David Joplin

No. 2 – Riesen Ludwigsburg
- Position: Power forward
- League: BBL

Personal information
- Born: November 18, 2002 (age 23) Milwaukee, Wisconsin, U.S.
- Listed height: 6 ft 8 in (2.03 m)
- Listed weight: 225 lb (102 kg)

Career information
- High school: Brookfield Central (Brookfield, Wisconsin)
- College: Marquette (2021–2025)
- NBA draft: 2025: undrafted
- Playing career: 2025–present

Career history
- 2025–2026: BCM Gravelines-Dunkerque
- 2026–present: Riesen Ludwigsburg

Career highlights
- Third-team All-Big East (2025); Big East Sixth Man of the Year (2023);

= David Joplin =

American basketball player (born 2002)

David Howard Joplin (born November 18, 2002) is an American professional basketball player for Riesen Ludwigsburg of the Basketball Bundesliga (BBL). He played college basketball for the Marquette Golden Eagles.

==Early life and high school==
As a senior at Brookfield Central High School, Joplin averaged 25.6 points, 10.6 rebounds and 2.6 assists per game. He committed to play college basketball for the Marquette Golden Eagles.

==College career==
As a freshman in 2021-22, Joplin averaged 2.8 points in 32 games played. In 2022-23, he averaged 9.2 points and 3.2 rebounds in 36 games, earning Big East Conference Sixth Man of the Year honors. Ahead of the 2023-24 season, Joplin became a full-time starter for the Golden Eagles. That season, he made 37 starts and averaged 10.8 points and 3.9 rebounds per game. On November 23, 2024, Joplin tallied a team-high 29 points in a victory over Georgia. On November 27, he dropped 27 points in a 94-59 victory against Stonehill. On December 21, Joplin passed 1,000 career points,as he scored 19 in a win versus Xavier. On January 14, 2025, he notched a career-high 30 points in an overtime win over DePaul.

==Professional career==
===BCM Gravelines-Dunkerque (2025–2026)===
On August 12, 2025, Joplin signed with French team BCM Gravelines-Dunkerque of the LNB Élite.

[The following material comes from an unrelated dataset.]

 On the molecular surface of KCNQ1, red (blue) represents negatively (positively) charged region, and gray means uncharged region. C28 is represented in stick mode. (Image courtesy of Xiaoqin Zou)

===Riesen Ludwigsburg (2026–present)===
On July 31, 2026, Joplin signed a one-year deal with Riesen Ludwigsburg of the German Basketball Bundesliga (BBL).

==Career statistics==

===College===

| Year | Team | GP | GS | MPG | FG% | 3P% | FT% | RPG | APG | SPG | BPG | PPG |
|---|---|---|---|---|---|---|---|---|---|---|---|---|
| 2021–22 | Marquette | 32 | 0 | 6.9 | .386 | .288 | .500 | .9 | .2 | .1 | .3 | 2.8 |
| 2022–23 | Marquette | 36 | 0 | 19.1 | .420 | .399 | .813 | 3.2 | .8 | .6 | .3 | 9.2 |
| 2023–24 | Marquette | 37 | 37 | 27.7 | .413 | .355 | .681 | 3.9 | .6 | .8 | .9 | 10.8 |
| 2024–25 | Marquette | 34 | 34 | 31.9 | .421 | .323 | .809 | 5.4 | 1.3 | 1.1 | .9 | 14.2 |
| Career |  | 139 | 71 | 21.7 | .416 | .349 | .756 | 3.4 | .7 | .7 | .6 | 9.4 |

==Personal life==
His mother, Lisa Joplin, is a former police officer for the Milwaukee Police Department and currently works as a hair stylist. His father, Howard Joplin, was also a Milwaukee Police Department police officer and detective.